The US space agency, Nasa, is also anticipating a large number of retirements in the next five to 10 years, but space experts said Nasa has been more successful at recruitment than the Russians.

Nasa’s top managers tend to be in their late 40s or 50s.

“The Russians are in trouble,” said James Oberg, author of the book Star-Crossed Orbits: Inside the US and Russian Space Alliance. “It is probably too late to avoid a devastating loss...to transfer corporate knowledge and know-how, you have to work side-by-side for years.”

Part of the problem facing the Russians has been convincing young people to abandon the higher salaries of a business career for the space program, where a cosmonaut’s salary is now about €300 a month.

“If you look at the Russian space programme today, it is basically a lot of older people who are not paid very well and the main thing that they seem to be doing is providing holiday opportunities for bored millionaires,” John Pike, a US-based space expert, said, referring to Russia’s selling of trips to the International Space Station.

Russian space officials strongly disagree, but concede the shortage of funds makes it difficult to launch big attention-getting projects, such as Nasa’s Mars Odyssey.

The Russians, instead, have focused on international programmes where they don’t have to pick up the entire bill, such as the International Space Station.

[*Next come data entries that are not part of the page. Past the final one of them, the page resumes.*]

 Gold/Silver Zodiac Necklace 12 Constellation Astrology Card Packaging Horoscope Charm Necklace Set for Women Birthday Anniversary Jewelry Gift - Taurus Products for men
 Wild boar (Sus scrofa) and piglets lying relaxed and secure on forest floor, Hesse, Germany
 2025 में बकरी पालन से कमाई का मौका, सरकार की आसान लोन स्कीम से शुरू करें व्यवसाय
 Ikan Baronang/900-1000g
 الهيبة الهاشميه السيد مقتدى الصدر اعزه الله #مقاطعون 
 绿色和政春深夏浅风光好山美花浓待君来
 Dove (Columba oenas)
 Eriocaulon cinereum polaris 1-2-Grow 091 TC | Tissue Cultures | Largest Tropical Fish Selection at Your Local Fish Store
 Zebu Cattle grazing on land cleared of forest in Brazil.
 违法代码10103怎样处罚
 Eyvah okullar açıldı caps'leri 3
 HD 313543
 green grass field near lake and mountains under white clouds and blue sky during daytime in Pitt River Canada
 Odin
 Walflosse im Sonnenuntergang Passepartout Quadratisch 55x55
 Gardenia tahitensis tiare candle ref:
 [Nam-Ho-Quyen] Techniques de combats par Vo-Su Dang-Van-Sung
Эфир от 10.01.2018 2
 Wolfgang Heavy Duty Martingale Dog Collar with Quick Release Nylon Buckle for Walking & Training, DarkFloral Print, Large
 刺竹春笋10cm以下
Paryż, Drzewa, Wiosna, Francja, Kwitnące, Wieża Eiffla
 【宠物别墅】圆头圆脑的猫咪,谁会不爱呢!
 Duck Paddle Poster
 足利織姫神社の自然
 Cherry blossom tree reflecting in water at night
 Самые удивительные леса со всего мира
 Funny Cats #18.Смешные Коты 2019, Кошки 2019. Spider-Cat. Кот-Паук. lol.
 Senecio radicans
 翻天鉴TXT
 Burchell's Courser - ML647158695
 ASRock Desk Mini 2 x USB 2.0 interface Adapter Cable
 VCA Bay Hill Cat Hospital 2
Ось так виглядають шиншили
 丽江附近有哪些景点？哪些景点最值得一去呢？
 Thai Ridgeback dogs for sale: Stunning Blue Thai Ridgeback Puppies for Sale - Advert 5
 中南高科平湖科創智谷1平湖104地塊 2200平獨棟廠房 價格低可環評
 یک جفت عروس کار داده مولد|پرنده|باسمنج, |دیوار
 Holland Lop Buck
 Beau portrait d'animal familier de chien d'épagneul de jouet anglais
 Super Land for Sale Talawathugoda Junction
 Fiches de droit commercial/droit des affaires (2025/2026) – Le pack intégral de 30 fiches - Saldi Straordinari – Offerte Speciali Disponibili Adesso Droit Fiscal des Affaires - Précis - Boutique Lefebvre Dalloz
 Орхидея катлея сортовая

But by their very nature, those programmes don’t generate the kind of patriotic fervour that projects like the former Mir space station did.

“It is very difficult right now. We are dealing with a small amount of resources,” said Nikolai Anfimov, head of the Central Research Institute of Machine-Building.

But in a move that some experts described as hopeful, Russian space officials proposed an ambitious international project in August to send people to Mars around 2015. Details were vague, but experts said that sort of high-profile project is what’s needed to bring glamour back to the space program and get the attention of young Russians.

During the Soviet era that was easy. The space programme churned out hero after hero, prompting many children to dream about becoming the next Gagarin or chief designer Sergei Korolev. Roads and cities bore the names of these Soviet stars after their deaths, and giant monuments were raised in their honour.

The space workers, considered by much of the country as the embodiment of Soviet success, were rewarded with generous benefits, such as access to luxury goods and exotic vacations.

Today, the space workers toiling away in Baikonur drive on potholed roads, live in crumbling apartment buildings and make do without hot water for weeks on end. They also suffer from the isolation of working in what became a foreign country with the break-up of the Soviet Union.

Dmitry Shatalov, headmaster of Baikonur’s International Space School, must contend with these realities when he talks about space program careers with his students, mostly male and many with relatives working at the cosmodrome.

But he’s so optimistic that students will find themselves drawn to the space industry that he frets about letting them too close to the ageing, but real Soviet rocket in the school’s courtyard.

“They might not know it yet, but they’d be just the ones to figure out how to set it off,” Shatalov said. “Russia will be in good hands.”